Montée d’une classe d’hommes d’affaires plus ouverts et curieux

Dans une étude récente consacrée aux comportements liés au travail au Congo, l’association Alternatives africaines constate la naissance d’une nouvelle catégorie : celles des innovateurs prêts à saisir la moindre opportunité.

L’enquête d’Alternatives Africaines – une association multidisciplinaire de chercheurs congolais – dresse une typologie des travailleurs au Congo. Il y a d’abord les paysans qui travaillent dur, ils se lèvent très tôt, traient leurs vaches, vont aux champs la binette à la main, parcourent des kilomètres à pied pour faire paître leur bétail. Les plus chanceux récoltent quelques kilos de maïs, de manioc et d’arachides, d’autant qu’ils n’utilisent aucune technique pour améliorer la production. Il y a ensuite les travailleurs urbains, des journaliers. Ils se lèvent également tôt, vont travailler sur des chantiers, dans des usines ou dans des ateliers informels. Le soir, ils rentrent chez eux après avoir gagné quelques sous. Il y a, enfin, les « cols blancs » ou employés de bureau. Ils travaillent souvent selon une routine prévisible.

Un genre nouveau

D’après l’étude d’Alternatives Africaines, il y a une autre catégorie qui n’est pas perçue par les autres. Ce sont des Congolais qui scrutent l’horizon, prêts à faire des découvertes. « Le résultat de leur travail est toujours une surprise pour le grand public: la solution que ces entrepreneurs d’un genre nouveau présentent sur le marché semble généralement facile et évidente après coup », explique le sociologue Armand Mavakala, un des auteurs de l’enquête. Généralement, selon lui, de tels individus ne travaillent pas durement, mais intelligemment. Cette nouvelle classe émergerait dans le secteur des services.
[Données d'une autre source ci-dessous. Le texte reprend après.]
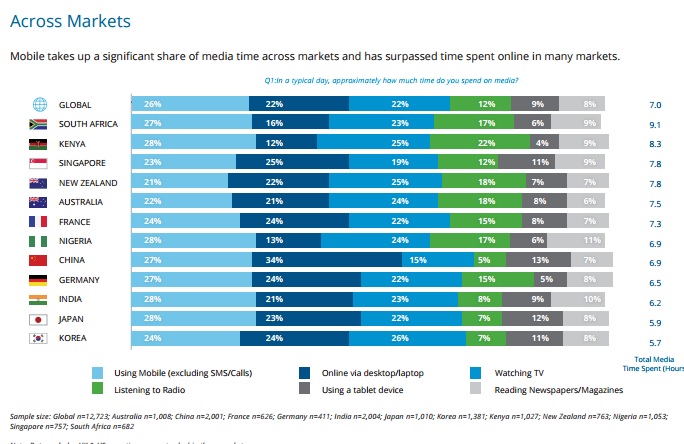 consumption of global media share::tv vs tablet vs desktop vs smartphone 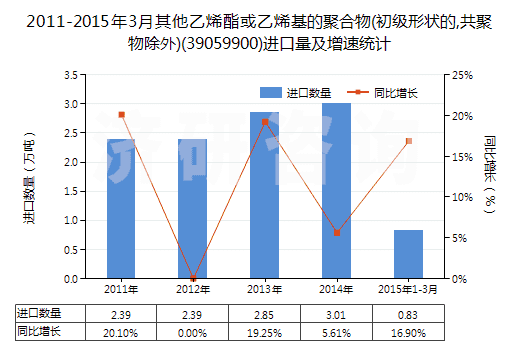 2011-2015年3月其他乙烯酯或乙烯基的聚合物(初級(jí)形狀的,共聚物除外)(39059900)進(jìn)口量及增速統(tǒng)計(jì)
Au Congo, ces individus ne sont pas assez nombreux car la population a la culture du « travailler dur », qui commence déjà à l’école. Tous les matins, les enfants parcourent en moyenne 1 km, passent 6 années au primaire, 6 autres au secondaire et 5 à l’université. Une fois leurs diplômes obtenus, ils se demandent comment ils vont trouver du travail. L’esprit du « travailler dur » que le chanteur JB Mpiana Tshituka essaie de promouvoir dans la jeunesse à travers le slogan « Chemin de fer, l’homme doit se battre », est inculqué aussi par le système éducatif qui donne une large place à la notation: on cherche plus à obtenir la bonne note qu’à être intelligent. La majorité de ceux qui « flairent les opportunités » et les exploitent de manière courageuse ne sont pas des diplômés de haut niveau, indique l’enquête d’Alternatives africaines. « Les diplômes n’ont pas de grande place dans la définition de ce qu’est l’esprit d’entreprise chez la plupart des Congolais », soulignent les auteurs.
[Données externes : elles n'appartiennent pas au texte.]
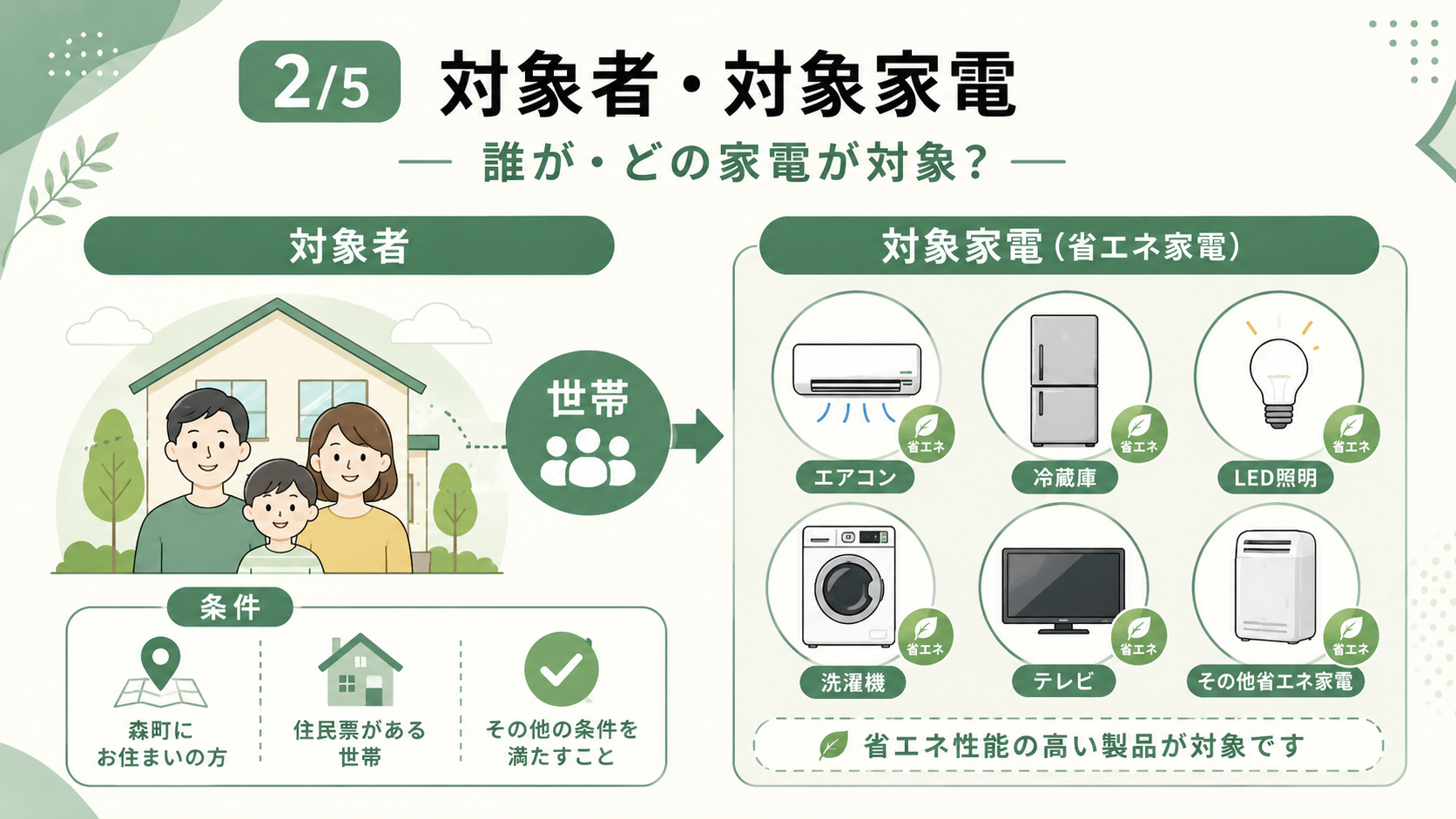 森町省エネ家電補助金2026｜早期終了・後継と7千円給付の解説図解2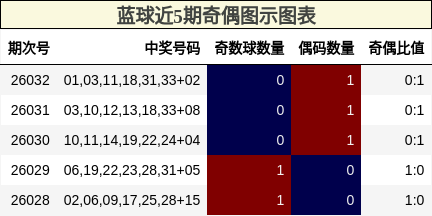 蓝球近5期奇偶图示图表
Certains économistes définissent cet esprit d’entreprise comme une capacité manifeste et la volonté des individus (en solitaire ou dans des équipes ou des organisations) de percevoir et de créer de nouvelles opportunités économiques (nouveaux produits, nouvelles méthodes de production, nouveaux schémas organisationnels, nouvelles combinaisons de produits de marché) et d’introduire leurs idées sur le marché, en fonction d’incertitudes et d’autres obstacles.

Place à la compétitivité

Alternatives Africaines estime que « pour développer l’attitude entrepreneuriale au Congo, les individus, les entreprises, les institutions de l’éducation et l’État doivent promouvoir un processus compétitif qui génère une émulation entre les individus ». Cette association pense qu’il faut aussi « se débarrasser de certaines attitudes voyant des relations magiques entre certains phénomènes, et inculquer plus de rationalité ». En effet, l’étude relève que « certaines valeurs sont essentielles à l’entrepreneuriat, notamment l’ouverture d’esprit vers les autres cultures, la curiosité, la créativité, l’expérimentation, la persévérance, l’épargne et la volonté de constituer un patrimoine ».

Enfin, recommande l’étude, « le cadre réglementaire étatique ne doit pas étouffer l’activité entrepreneuriale ». « Il faut donc que les indicateurs du succès sur le marché soient possibles. Et justement les profits entrepreneuriaux indiquent à l’entrepreneur s’il a correctement rendu service à ses clients », lit-on.